__Data extract__.
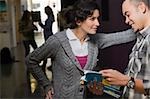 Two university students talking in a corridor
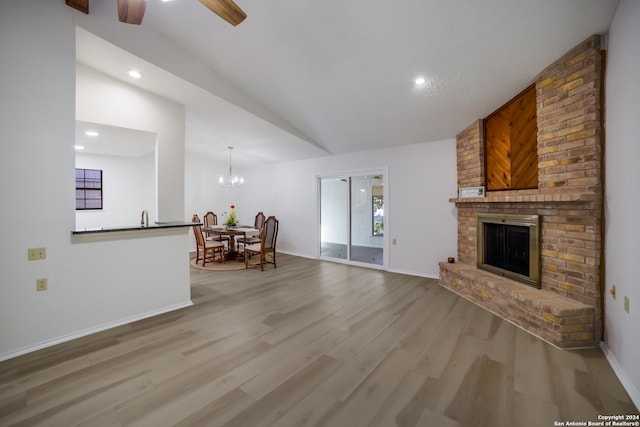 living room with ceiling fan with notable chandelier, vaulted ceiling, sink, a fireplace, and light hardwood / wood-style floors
==
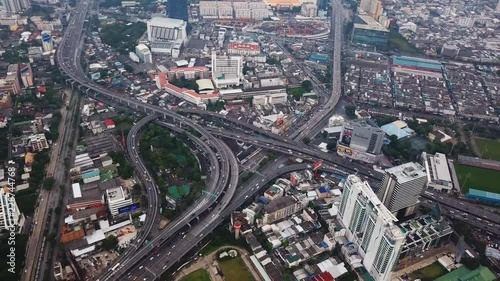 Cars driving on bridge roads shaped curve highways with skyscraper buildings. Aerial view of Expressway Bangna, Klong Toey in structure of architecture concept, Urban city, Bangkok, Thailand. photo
==
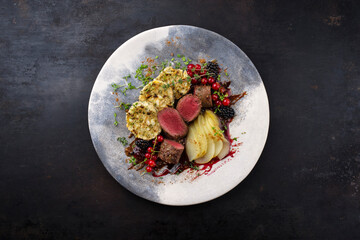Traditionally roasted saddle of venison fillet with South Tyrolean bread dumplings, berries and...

__Exercise instructions__. Given the entries above, transcribe exactly the lines from the one holding "Two university students" through the one holding "living room with"; pictures do not belong in the transcription.

__The answer__.
 Two university students talking in a corridor
 living room with ceiling fan with notable chandelier, vaulted ceiling, sink, a fireplace, and light hardwood / wood-style floors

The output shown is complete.